* Work task:
Repeat the data word for word and skip the pictures.

* Data records:

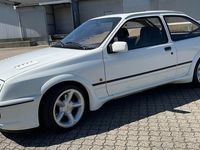 Billede 2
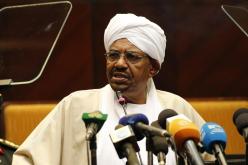 السودان يعلن اختراق طائرات أجنبية لمجاله الجوي ويهدد بإسقاطها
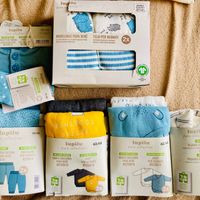 Futuras mamas Diciembre 2020 - 1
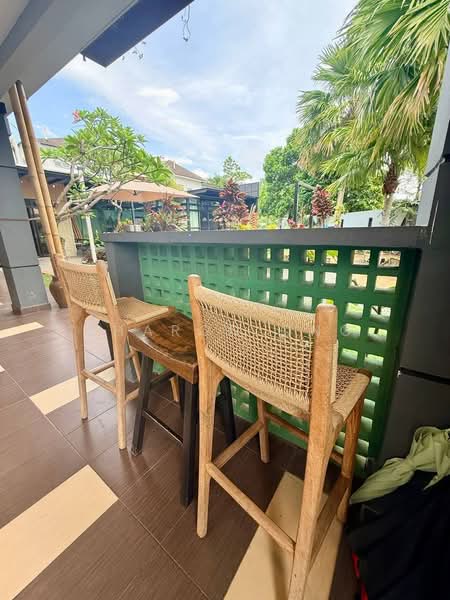 Rumah Teres 2 Tingkat untuk Dijual di Bandar Uda Utama (Johor Bahru) - Sharon Ong - Exterior - PropertyGuru.com.my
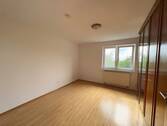 Schlafzimmer - (KI generiert) - 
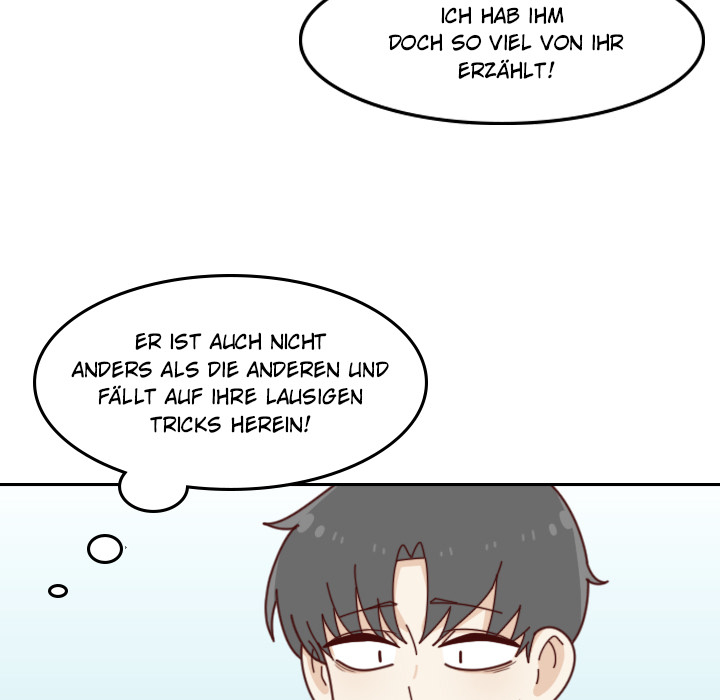 Dinge, die das Herz erwärmen - episode 41 - 32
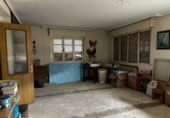800m² offices for sale in Viriu, Sevares photo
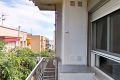 Vente - Appartement - San Pedro del Pinatar - La Puntica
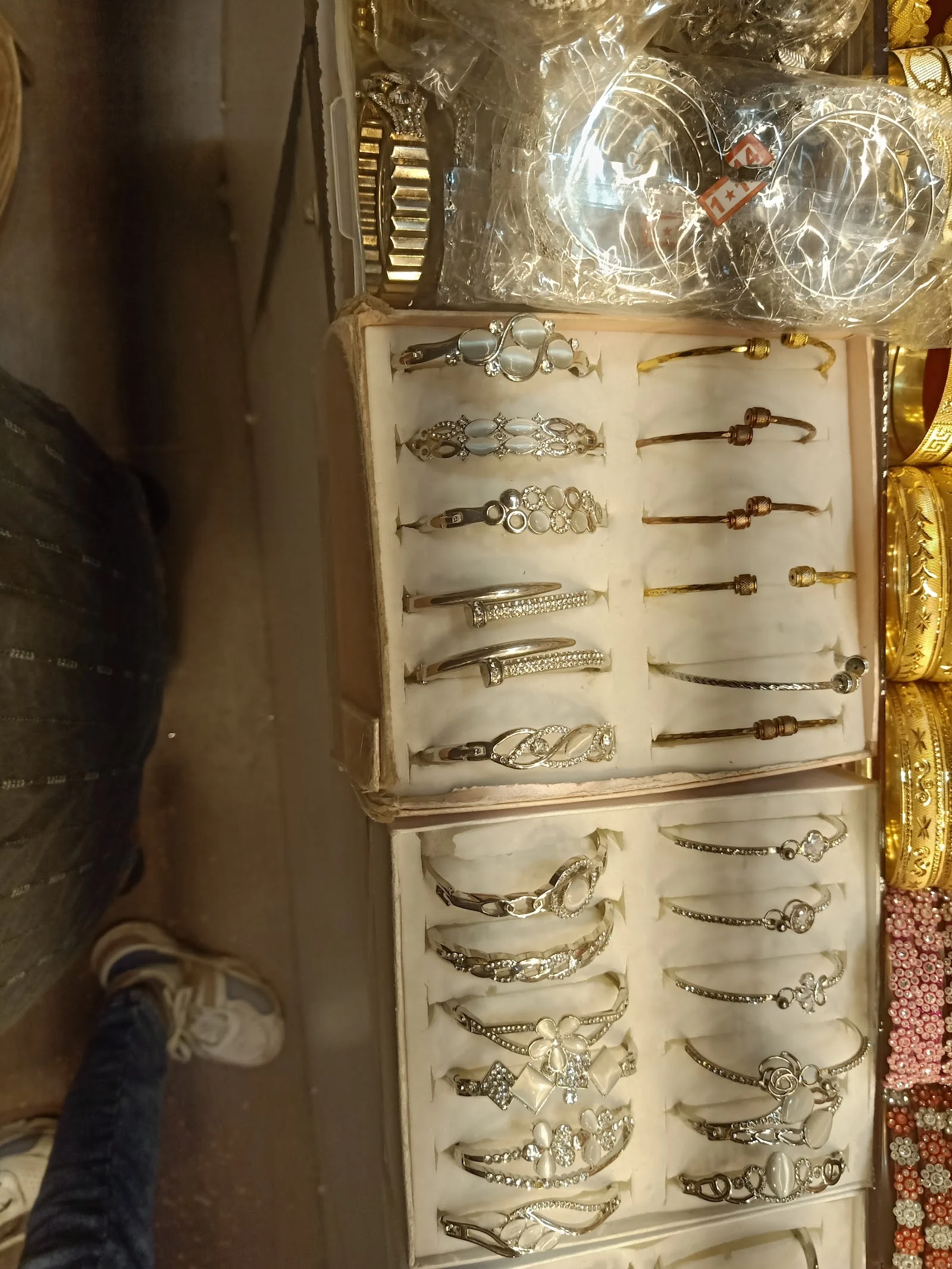 Paonta Sahib gallery 5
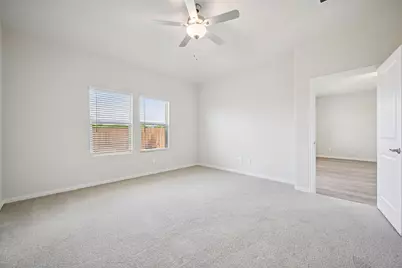 1939 Furlong Drive, Seagoville, TX 75159 - Photo 17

* Answer to this exercise:
 Billede 2
 السودان يعلن اختراق طائرات أجنبية لمجاله الجوي ويهدد بإسقاطها
 Futuras mamas Diciembre 2020 - 1
 Rumah Teres 2 Tingkat untuk Dijual di Bandar Uda Utama (Johor Bahru) - Sharon Ong - Exterior - PropertyGuru.com.my
 Schlafzimmer - (KI generiert) - 
 Dinge, die das Herz erwärmen - episode 41 - 32
800m² offices for sale in Viriu, Sevares photo
 Vente - Appartement - San Pedro del Pinatar - La Puntica
 Paonta Sahib gallery 5
 1939 Furlong Drive, Seagoville, TX 75159 - Photo 17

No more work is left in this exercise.